Die Zeiten, in denen ich sowas ausprobiert habe, sind lange vorbei.

Aber ich hatte beruflich hin und wieder mit Leuten zu tun, denen solche Sachen passiert sind.

S7unfKllo(weFr_7x3


1. Ablenken und auf das JETZT konzentrieren. Wie pospae schrieb.

2. Kekse sind immer blöd, weil man es so schlecht dosieren kann. Man weiß nicht, wie viel drin ist. Und bis man eine Wirkung spürt, kann man schon zu viel aufgenommen haben.

3. Wenn Du klar Angst vor einer Psychose formulieren kannst, ist eine solche sehr sehr unwahrscheinlich.

4. Angst kann mit einem Körper merkwürdige Dinge anstellen. THC auch. Da beim THC auch die Abbauprodukte nochmal psychoaktiv sind, hat man eine längere Wirkung. Ggf. hattest Du halt einfach eine recht lange Wirkung - auf die Du dann noch mit Angst reagiert hast.

5. Du scheinst mit dem Drogenkonsum nicht gut klarzukommen. Lass' es daher in Zukunft besser. Es ist nicht cool und man muss es nicht probiert haben. Es wird Dir ohne besser gehen, weil Du Dir allein schon die ganze ängstliche Verarbeitung sparst.

MdaVriusx005


Danke für die antworten! Es war das letzte mal!

q{uaki


Hi. Habe dir zwar grade eine PM geschrieben, aber hier noch mal für alle, die das vielleicht auch haben:

Ich hatte, bzw. habe das Problem immer noch. Bei mir ist es allerdings schon knapp zwei Monate her.

In dem Joint war einfach zu viel THC enthalten, dazu kam noch Angst.

Schwindel, Benommenheit, Sehstörungen .. das waren meine Symptome. Nun habe ich nur noch den Schwindel.

Die Sehstörungen, Lichtempfindlichkeit und Benommenheit gingen so nach knapp 3-4 Wochen weg. Seit dem ist nur noch der Schwindel geblieben.

Wobei ich hier sagen muss, dass es schlimmer wird, wenn man darüber spricht oder an das Thema generell denkt. Beispielsweise auch jetzt grade, wo ich diesen Beitrag verfasse. Da ist denke ich bei vielen Personen das Problem, dass sich zu sehr in den Zustand reingesteigert wird. Wenn man nicht darüber nachdenkt, sein Leben weiterführt, ist es meist weg und man nimmt es nicht mehr wahr. Ich war auch schon bei mehreren Ärzten. Das Problem ist, dass es dafür keine Wunderpille gibt, die alles von heute auf morgen wieder grade biegt. Die Zeit macht es. Der Körper muss sich erholen. Es kann sein, dass es eine Art Überdosis war. Und zwar in der Form, dass extrem viel THC in dem Keks, oder auch Joint, vorhanden war, welches sich im Körper (Fettgewebe) abgelagert hat und nun nur langsam wieder abgebaut wird. Das kann sich halt ziehen.

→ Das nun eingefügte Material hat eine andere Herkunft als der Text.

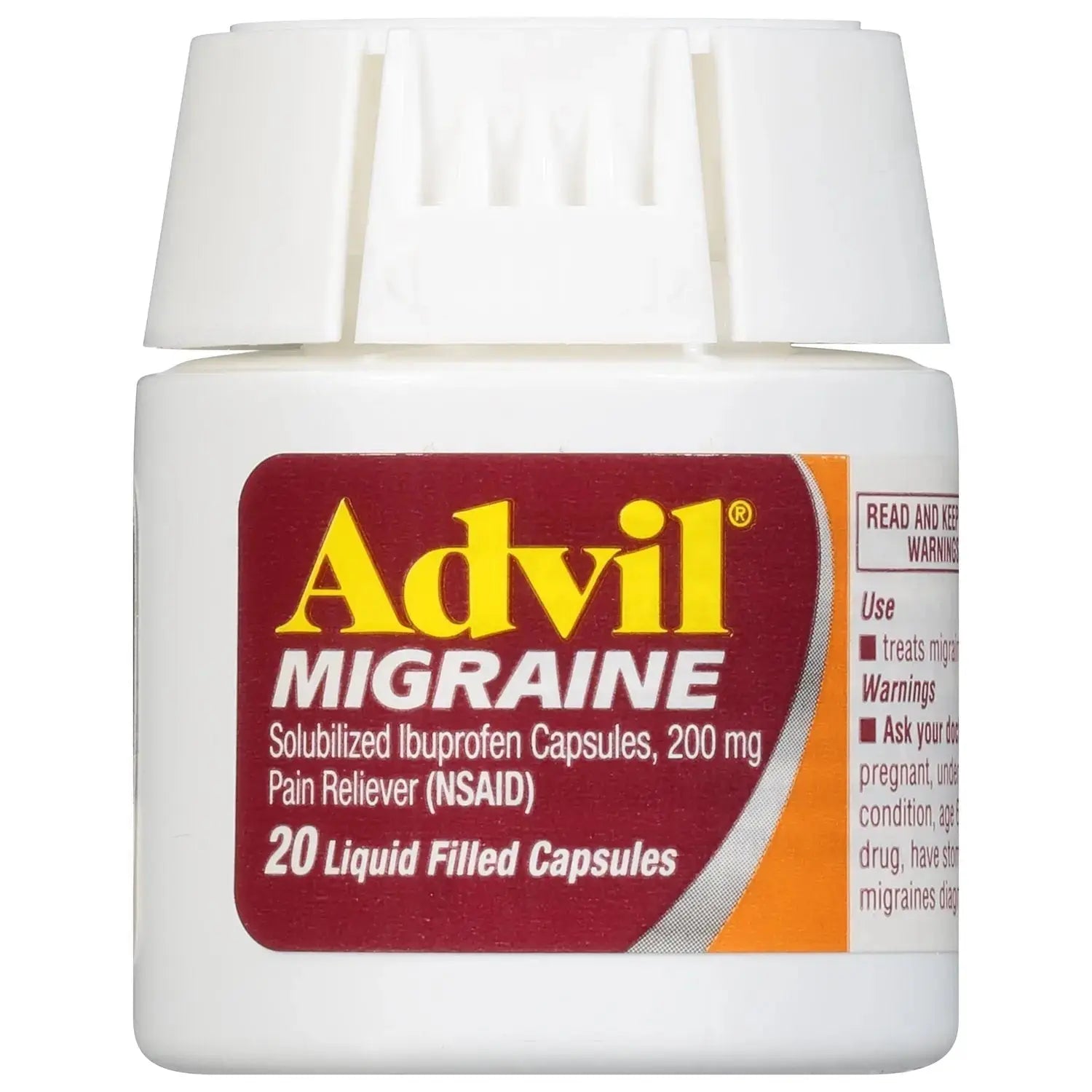 Advil Migraine Headache Relief, Ibuprofen Capsules with Ibuprofen 200mg for Migraine Relief, Nausea Relief and Light Sensitivity Relief - 20 Liquid Filled Capsules AdvilAu supplements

Ein weiterer Grund könnte die bekannte "Trigger"-Funktion von THC sein. In vielen Fällen löst das Gras nur ein anderes, vlt. auch unbewusstes Problem, aus. Sei es psychischer Druck oder sonst was, da gibts viele Gründe. Denn Gras an sich schädigt nicht das Gehirn/zentrales Nervensystem, jedenfalls dann, wenn man es nicht über einen langen Zeitraum nimmt.

Das soll heißen: Nichts ist für immer bestimmt. Das geht mit Sicherheit wieder weg, wovon ich bei mir auch ausgehe. Man muss sich halt nur Zeit geben, das Leben weiterleben, nicht drüber nachdenken und sich auch mal etwas gönnen. Aber man sollte auch mal über ggf. vorhandene Probleme/Situationen nachdenken, die einen belasten und versuchen diese zu lösen.

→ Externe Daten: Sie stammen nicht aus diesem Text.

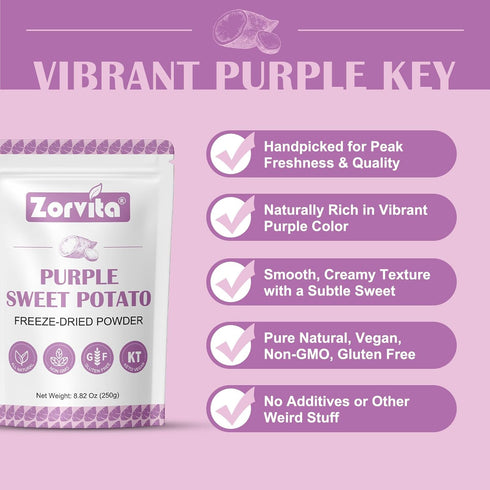 Zorvita 8.82 Oz, 250g Purple Sweet Potato Powder Natural Purple Superfood Color Powder, Vegan, Gluten-Free, Non-GMO, No
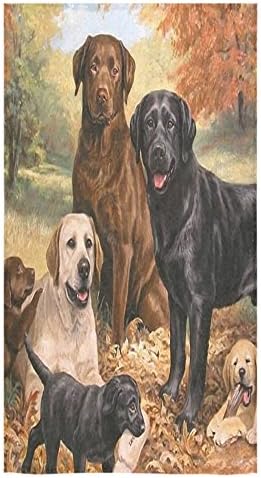 Funny Cute Labrador Retriever Dogs Puppies Soft Bath/Beach Towel Face Towel Hand Towel(One Side)20% cotton 80% polyester(30x56inches)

Diese Dinge wurden mir von drei wirklich guten Neurologen, zwei davon mit spezieller Ausbildung auf Drogenkomsum, und einem Psychiater gesagt und ich denke denen kann man vertrauen. Ich erzähle euch hier also keinen Quatsch.

Bei einer Derealisierung/-personalisierung sollte man aber definitiv mal den Neurologen/Psychiater aufsuchen. Denn das könnte eine Psychose sein und sollte behandelt werden.